Deeper question: If one leader refused, how many others may have agreed? GPS Mann

Punjab rarely hears a political statement as disturbing—and as necessary—as the recent revelation by former Chief Minister of Punjab, Mrs Rajinder Kaur Bhattal. She disclosed that before the 1997 Assembly elections, she was approached with a chilling proposal: allow bomb blasts to create fear, polarise voters, and convert chaos into electoral advantage.

Bhattal refused. That refusal matters. And the fact that she chose to reveal it even after nearly 30 years makes it deeply relevant today.

In a political culture where winning is often treated as the ultimate virtue, she chose Punjab over party, conscience over command, and democracy over getting re-elected. She did not just reject an immoral plan; she rejected the very idea that terror could ever be a political tool. By later speaking about it publicly, she took a second, even braver step—exposing a dark truth that many would have preferred to remain buried.

For that, she deserves appreciation.
However, Punjab cannot stop at appreciation alone.

One Refusal Raises an Uncomfortable Question
Bhattal’s statement forces a question the state can no longer avoid: if one leader refused, how many others may have agreed? And to what level were such agreements made—purely political, or deeply rooted in a monetary nexus as well?

Such proposals do not emerge in isolation. They arise only in systems where police officers believe political protection is assured, and politicians believe violence can be “managed.” This is the essence of the political–police nexus—a quiet, mutually beneficial arrangement where power and force feed each other. Quid-Pro at its best!

Gurpartap Singh Mann is a farmer and former Member of the Punjab Public Service Commission. He has served as Chief General Manager, Punjab Infrastructure Development Board. An engineer and MBA by qualification, he writes on governance, agriculture and socio-political issues concerning Punjab. He draws inspiration from his father, S. Bhupinder Singh Mann, former Member of the Rajya Sabha and founder of the Bharatiya Kisan Union in Punjab. He has also served as spokesperson of the Punjab Congress and was founder-chairman of its Social Media Cell.

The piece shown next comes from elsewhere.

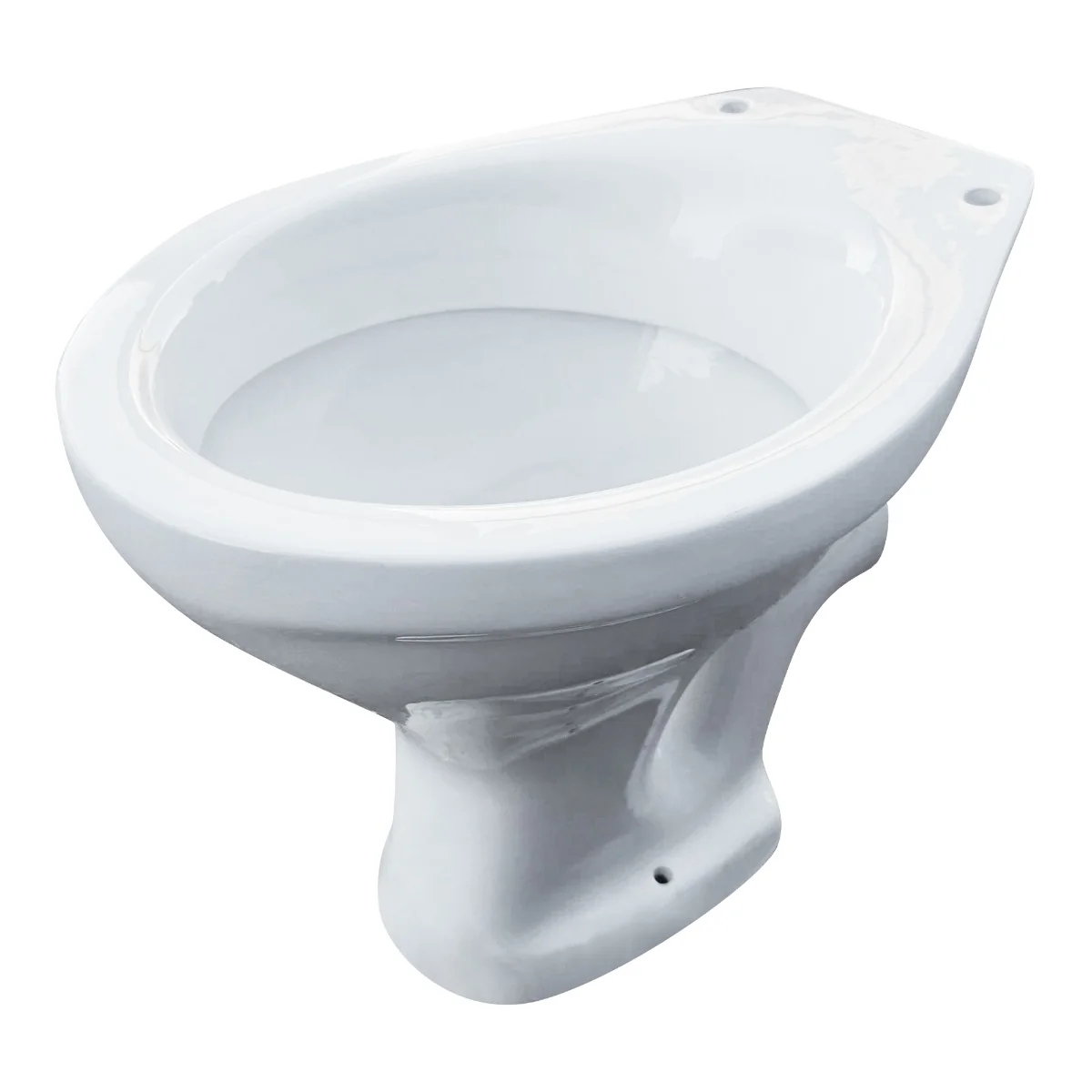 Vas WC Pe Pardoseala CIL NEO Alb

Punjab’s own history explains how this nexus took root. During the militancy years of the 1980s and early 1990s, extraordinary powers were given to the police to fight terrorism. Those years were brutal, and the challenges were real. Terrorism was defeated; however, the extraordinary policing architecture was never fully dismantled—it merely changed its form.

Instead of returning to normal democratic oversight, unchecked power became normalised. Promotions, postings, and protection increasingly depended on political loyalty rather than professionalism. Politicians, in turn, found it convenient to use police muscle to manage opponents, influence elections, silence trouble, and even partner for monetary gains.

Although militancy ended, this nexus did not. It simply evolved.

From State Power to Outsourced Violence
Today, Punjab is battling organised gangs, extortion networks, drug syndicates, and foreign-based criminals. These gangs do not operate only on the strength of weapons. They survive because of information leaks, selective enforcement, and political indifference.

The old model—direct coercion by the state—has evolved into a new one: outsourced violence. Gangsters do what the system no longer wants to do openly. Politicians maintain distance. Accountability evaporates.

The Maur bomb blast, just before the 2017 Assembly polls, remains untraced till date. This is not an isolated failure. This is why high-profile crimes remain unsolved. This is why investigations slow down after elections. This is why fear resurfaces at politically sensitive moments.

The nexus adapts very fast, and that is precisely why it survives.

Why Naming Names Is Essential
Bhattal has done what few leaders have dared to do: she broke the silence. But truth cannot stop halfway.

Punjab has a right to know:

· which police officers made this proposal,

· which political intermediaries were involved,

· and who believed bomb blasts were an acceptable election strategy.

Naming names is not about revenge or reopening old wounds. It is about ensuring such ideas never surface again. Without accountability, the message goes out that even the most dangerous proposals carry no consequences.

The Nexus Must Be Broken — But Who Will Dare?
This brings us to the most difficult question of all.

Who in Punjab today has the political commitment to do what Bhattal did—and go further? Or, in other words, does any leader have the will to stand for Punjab rather than merely for their party? Who is willing to rise above party loyalties, high-command diktats, and electoral arithmetic?

Who will confront police misuse, political complicity, and criminal partnerships—even if it costs power?

Although illegitimately offered power and money make it easier for politicians to regain and retain office, the long-term cost is devastating for Punjab.

Such leadership is rare. However, without it, Punjab will remain trapped in a cycle where violence mutates but never disappears. Bhattal proved that refusal was possible. Her disclosure proves that silence, even today, is a choice.

Now Punjab must demand the final step: full truth, full accountability, and a clear dismantling of the political–police nexus.

Because democracy does not collapse in one blast.
It collapses when those who planned, proposed, or protected such ideas are never named.